After our long bus ride into Manuel Antonio yesterday, we finally arrived at the five star hotel Olivia had been endlessly telling us about. It was rainy and foggy, so we couldn't really get a good feel for the general positive atmosphere for the place, but still we were a little bit disappointed. The rooms were less impressive than the ones at Monteverde. Furthermore, though my room looks out onto a general area of the hotel, most of our peer's rooms look at the porch of a room across from them.

We've mostly attributed this to the different atmosphere of the hotel. Monteverde had a much more serene feel to it, while El Parador, the hotel we're staying at, is much more of a tropical atmosphere. You can see the ocean from some parts of the hotel which is nice. There are also lots of statues and fountains around the hotel, and their pools look nice. Of course, I understand how lucky I am to be staying at a hotel of this quality, but we've been told that this hotel was supposed to be so much better than the last one we stayed at, which was amazing. So its simply a result of high expectations.
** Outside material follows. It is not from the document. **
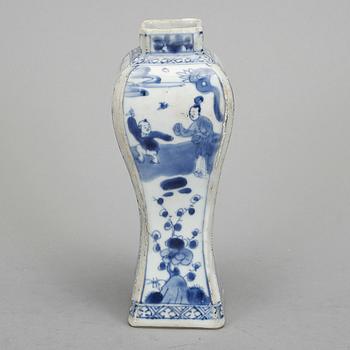 VAS, porslin, Kina. Kangxi 1662-1722.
We also went ahead and ate dinner at the hotel yesterday, which was of acceptable quality. Again, nothing stupendous for a five star hotel, but not bad. Afterwards, Emily, Brandon, and Greg congregated in our room for some card games. We passed the night with Euchre, President, and Durak, and before long it was time for bed, and though Julia and I couldn't figure out how to turn of one of the lights in our room for a while, we finally did get to sleep.